As an artist he observes and then creates representations of society and of history; visual metaphors that unpack his millennial Igbo Nigerian cultural context and explore post-colonial crises of identity. From this point of reflection his work seeks to conjure visions of a future we can dream towards and be inspired by today. As a technologist he is interested in how the digital can be used to access ancestral truths in the present day.

He has been in residence at QUAD Derby (UK) and the Yinka Shonibare Foundation (Lagos) and was a Digital Earth fellow 2020/2021. His exhibition and speaking credits include Lagos Photo Festival (Lagos), Abuja Art Week (Abuja), CultureHub ReFest (USA), 1927 Art Space (Greece), Format Festival (UK) and Allied Media Conference (USA). He is a 2021 Prince Claus Fund seed awardee.

He lives and works among the serene hills of Abuja, Nigeria.

Anna Fehres & Luke Conroy || Anne (The Netherlands) and Luke (Australia) are a multidisciplinary artist duo based in The Netherlands. Their practice engages with socio-cultural topics in meaningful yet playful ways, utilising humour and irony as essential tools for critical reflection and expression. The outcome of their work utilises an ever-evolving multimedia and audio-visual practice which includes photography, digital-art, video, sound, VR, textile, text and installation.

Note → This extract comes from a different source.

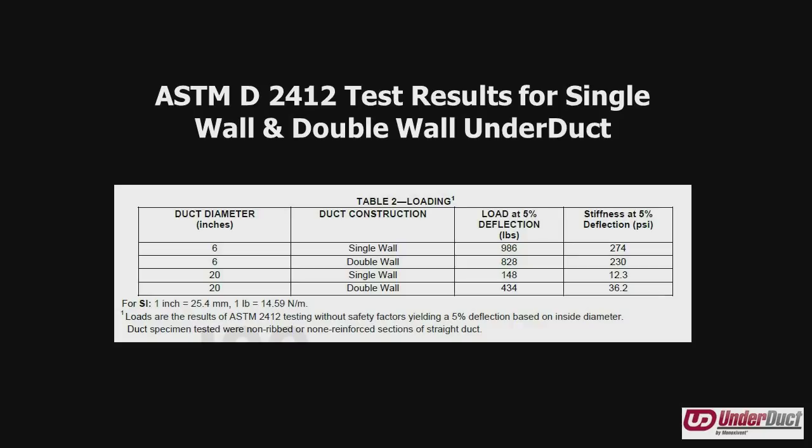Looking at two independent lab-tested samples — 6-inch and 20-inch — the pipe stiffness results were: single wall 6-inch at 274, double wall 6-inch at 230, and on the 20-inch, 12.3 and 36.2 PSI respectively. We are way above what current building code requires. These values were achieved with duct built to the minimum standards of NBS Product Standard 15-69 — the bare minimum of our FRP construction parameters. The FRP duct can be made much stronger, up to H20 loading capability, without being encased in concrete.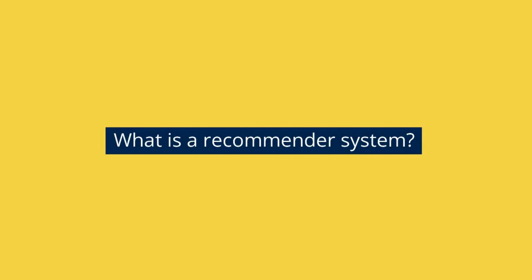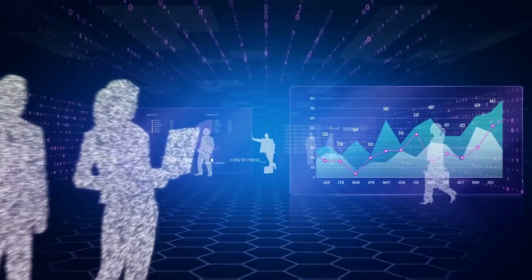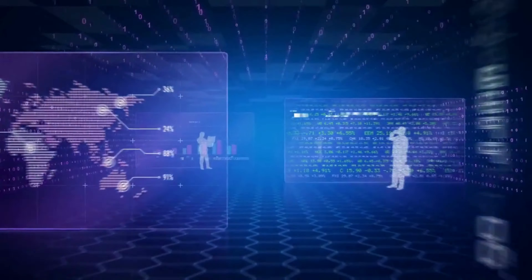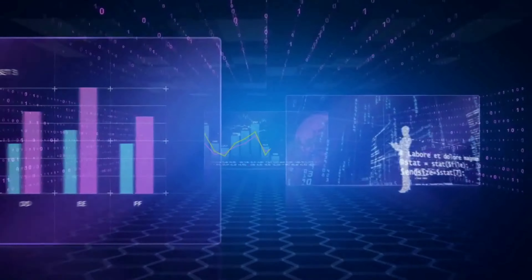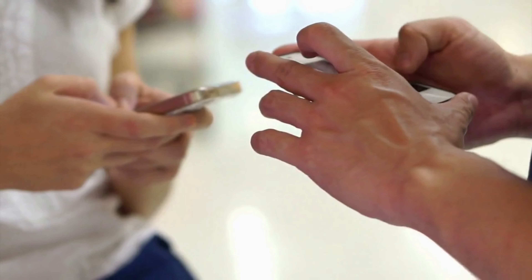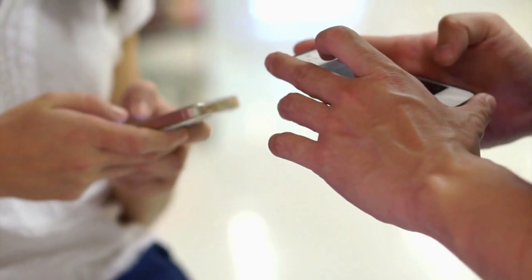What is a recommender system? A recommender system is a type of information filtering system that predicts the preferences and interests of users and recommends items that they are likely to enjoy. A recommender system can be classified into two main types.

The duo’s interest in socio-cultural topics is informed by Anne’s background in documentary film and audio-visual design (Royal Academy of Fine Arts, Ghent, Belgium, 2013) and Luke’s background in sociology, visual-art and education (University of Tasmania, Australia, 2013). In their work they are especially interested to engage with projects where broader socio-cultural events, processes and systems at a macro level can shape and be shaped by personal experiences at a micro level.

In order to access new and unique micro-level experiences, the duo frequently work in a variety of diverse cultural and environmental contexts. Working across ten countries to date, their practice draws inspiration by immersing themselves in new human and ‘other-than-humans’ communities. In these communities they draw inspiration from research, collaboration, and observation, allowing space for mutual exchange between themselves as ‘outsiders’ and the ‘insider’ community members.

The duo have previously been successfully awarded a variety of grants and funding through International organisations including: the European Cultural Foundation, Goethe Institut, Stimuleringsfonds (The Netherlands), Arts Tasmania (Australia), Australia Council for the Arts, Stroom Den Haag (The Netherlands), CultuurSchakel (The Netherlands), Viborg Kunsthal (Denmark), Hošek Contemporary (Germany), Ministry of Culture of Karelia (Russia), Municipality of Plovdiv (Bulgaria), Filmboard Karlsruhe (Germany) Artist Residencies Enschede (The Netherlands) and Takt Berlin (Germany).

Alexandra Olympia Peristeraki || Alexandra was born in a suburb outside of Athens, Greece. After graduating with an MA in Digital Media - Critical Computing at Goldsmiths University, her aim is to explore how technology has affected the world socially, politically and culturally. Her main mediums are text, dismantled hardware and video, all weaved together with Web 1.0-influenced HTML. She tends to comment on her personal relationship with the digital as well as the violence of class stratification and heteronormativity. Currently, she is exploring hardware as found material and the potential of upcycling it for a more sustainable tech future as well as alternative digital ecosystems that can support its inhabitants without giving away their digital rights.